%%

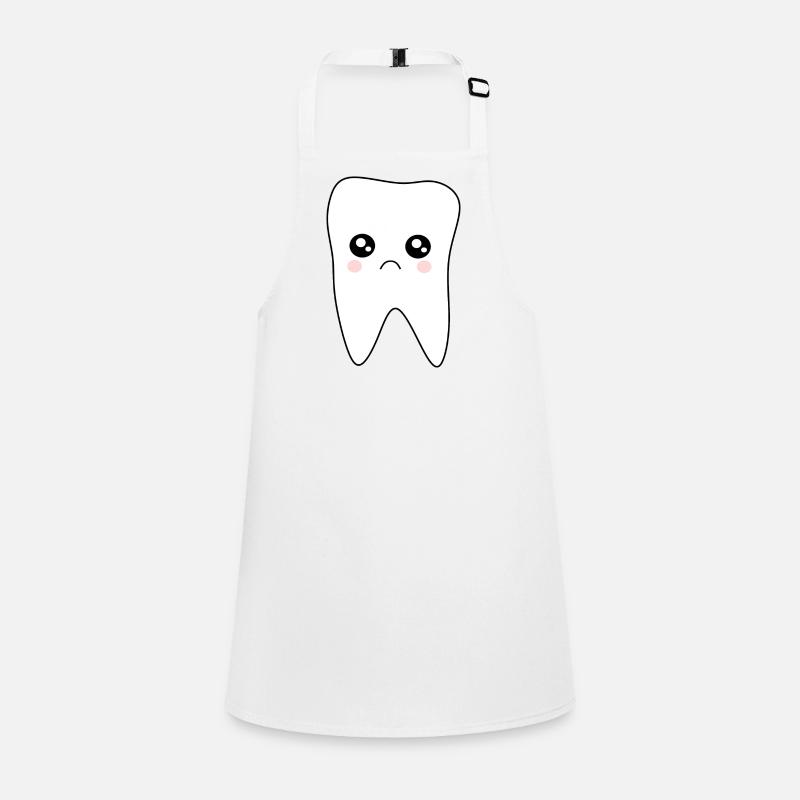 Tooth, Teeth, Dentist Gift Children's Apron
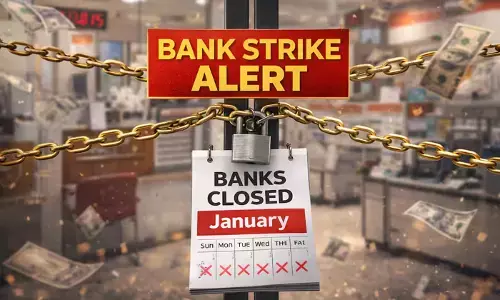 आज बैंक हड़ताल: कैश जमा से लेकर चेक क्लियरेंस तक कामकाज ठप!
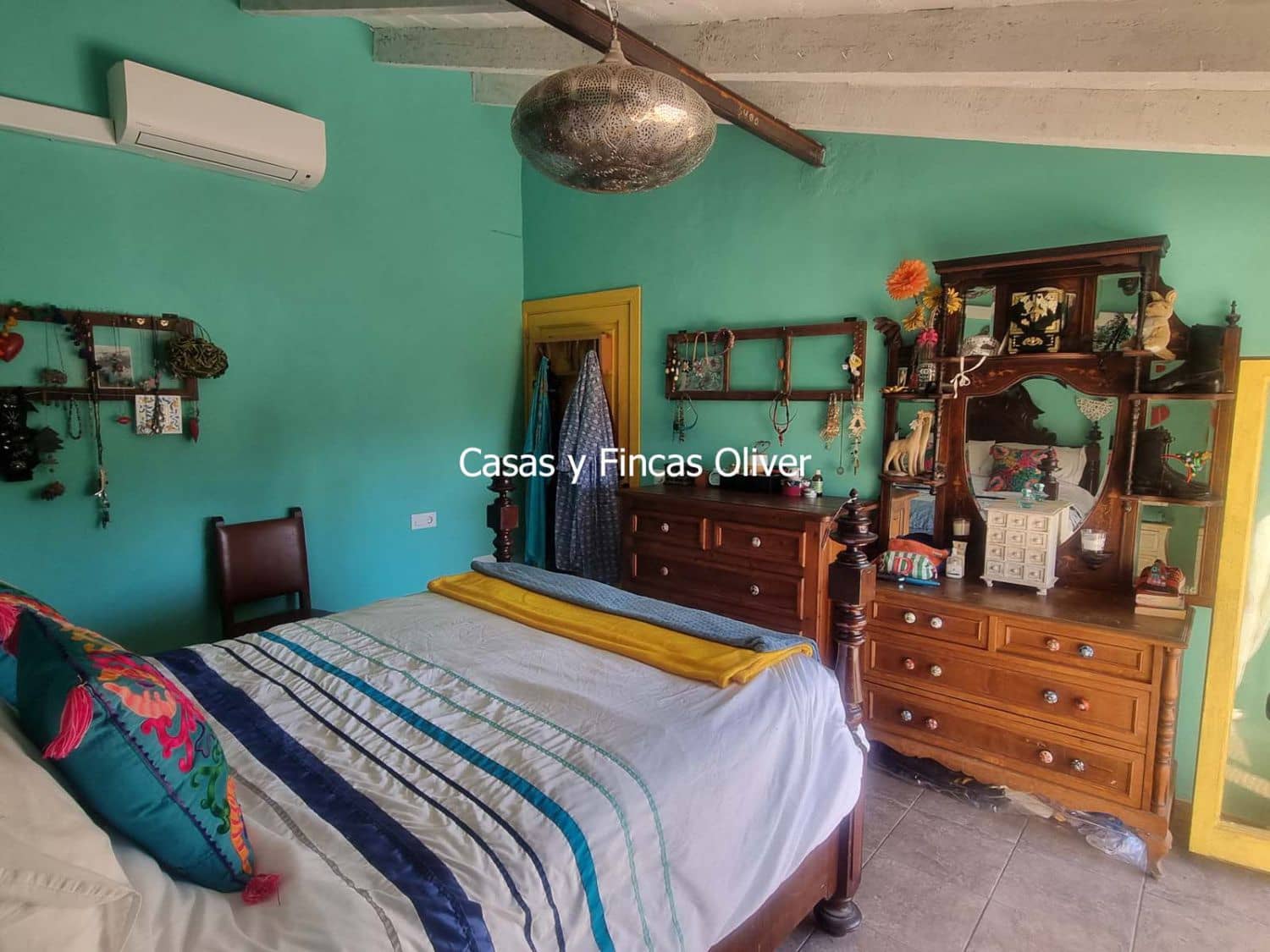 4 chambre Maison de Ville à vendre à Ariany avec garage - 575 000 € (Ref: 9884197)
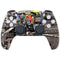 DC Comics Robin Vintage Action pose pattern PS5 Controller Skin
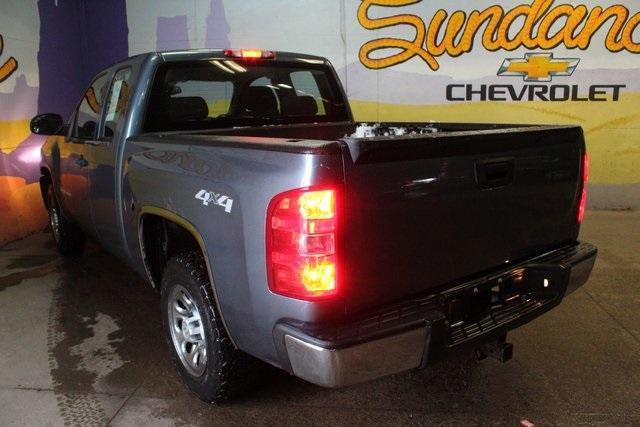 used 2009 Chevrolet Silverado 1500 car, priced at $12,900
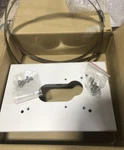 Acti PMAX-0503 Pole Mount Kit White ***free Shipping***. Fixed Price $27.97.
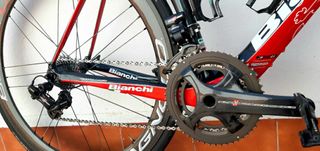 Bianchi Oltre XR2 - Bicicleta de carretera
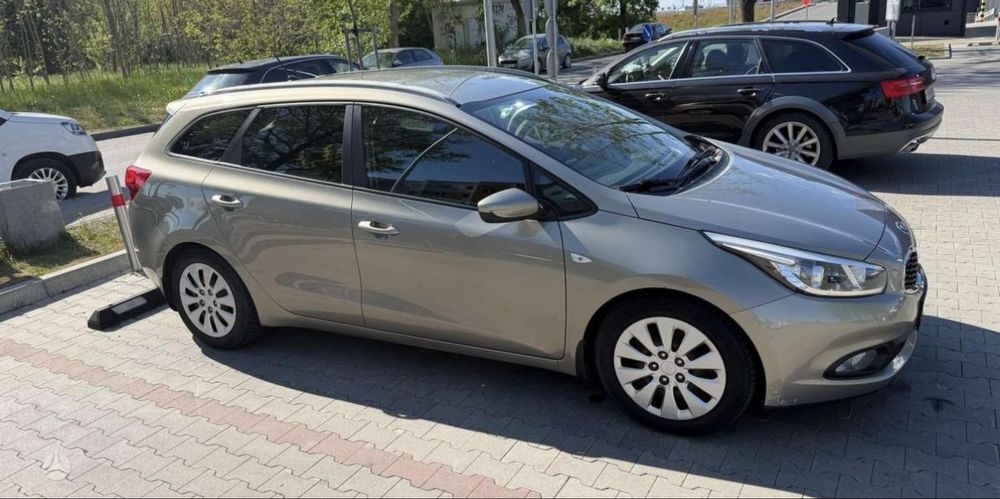 Kia ceed універсал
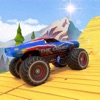 Monster Truck: Ramp Stunt Race icon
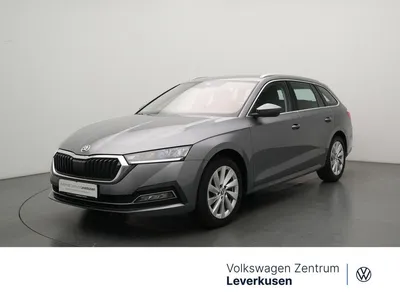 Skoda Skoda Octavia Selection Plus DSG LEDER LED KAM PDC SHZ im Leasing von Null-Leasing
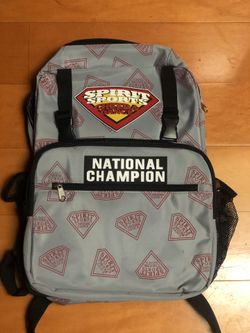 Cheer Backpack
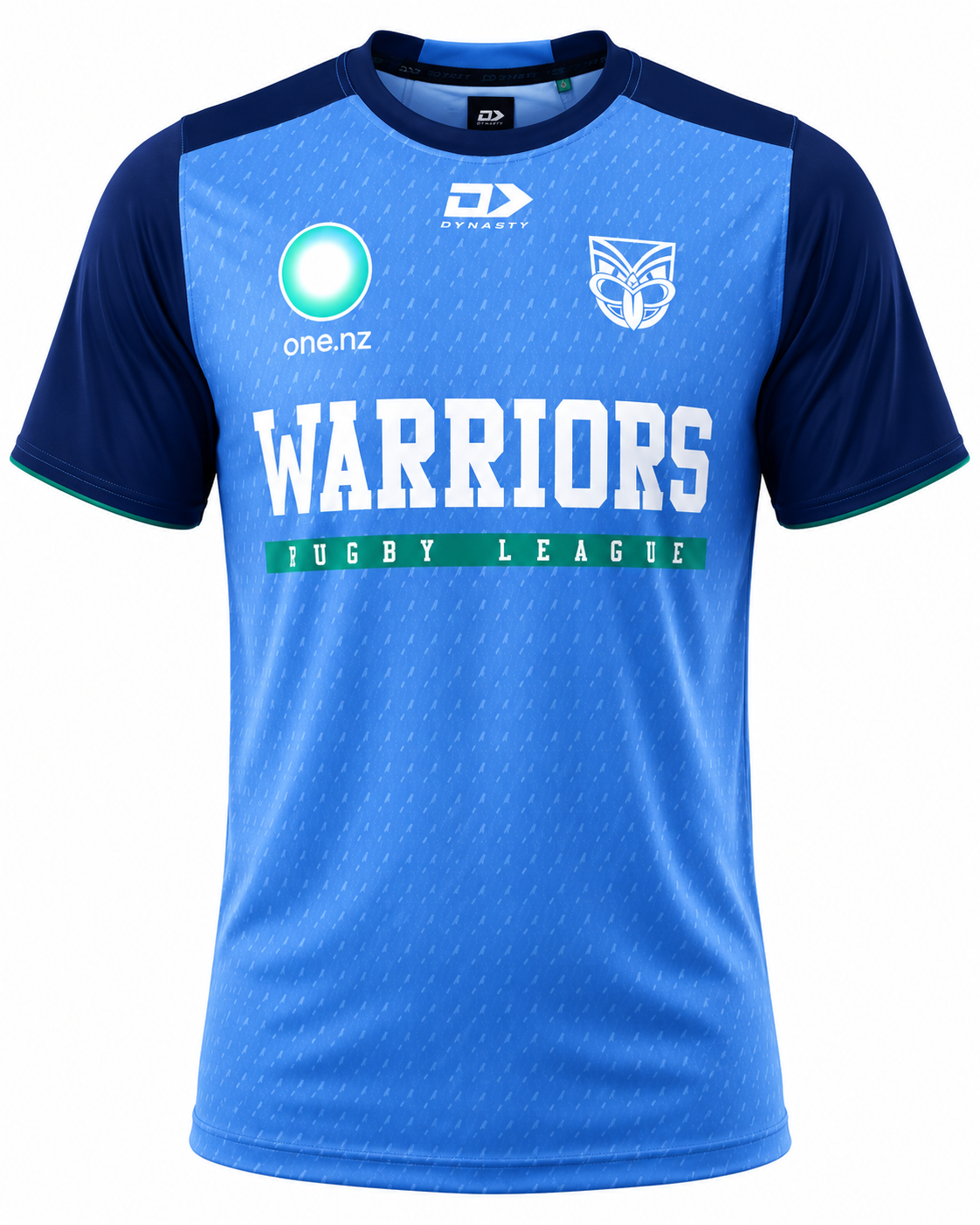 New Zealand Warriors 2026 NRL Mens Coaches Shirt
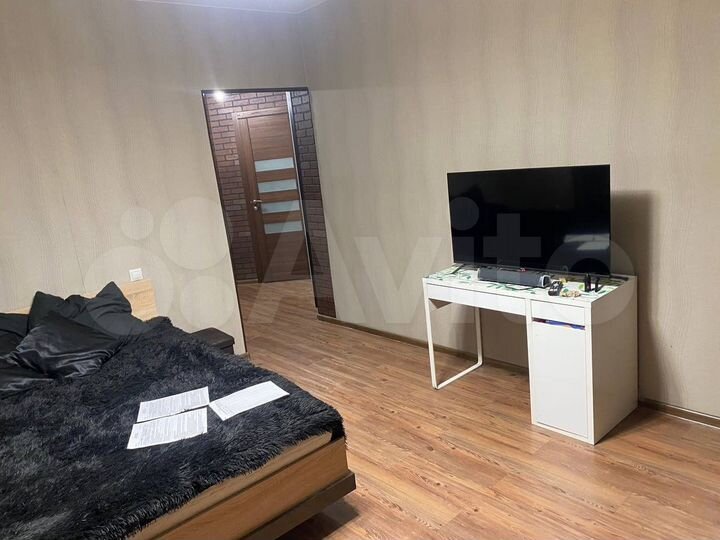 1-к. квартира, 39,5 м², 13/25 эт.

%%

WORK REQUIRED
Exact copies of all the entries, without any pictures, are what the answer must contain.

TASK RESULT
 Tooth, Teeth, Dentist Gift Children's Apron
 आज बैंक हड़ताल: कैश जमा से लेकर चेक क्लियरेंस तक कामकाज ठप!
 4 chambre Maison de Ville à vendre à Ariany avec garage - 575 000 € (Ref: 9884197)
 DC Comics Robin Vintage Action pose pattern PS5 Controller Skin
 used 2009 Chevrolet Silverado 1500 car, priced at $12,900
 Acti PMAX-0503 Pole Mount Kit White ***free Shipping***. Fixed Price $27.97.
 Bianchi Oltre XR2 - Bicicleta de carretera
 Kia ceed універсал
 Monster Truck: Ramp Stunt Race icon
 Skoda Skoda Octavia Selection Plus DSG LEDER LED KAM PDC SHZ im Leasing von Null-Leasing
 Cheer Backpack
 New Zealand Warriors 2026 NRL Mens Coaches Shirt
 1-к. квартира, 39,5 м², 13/25 эт.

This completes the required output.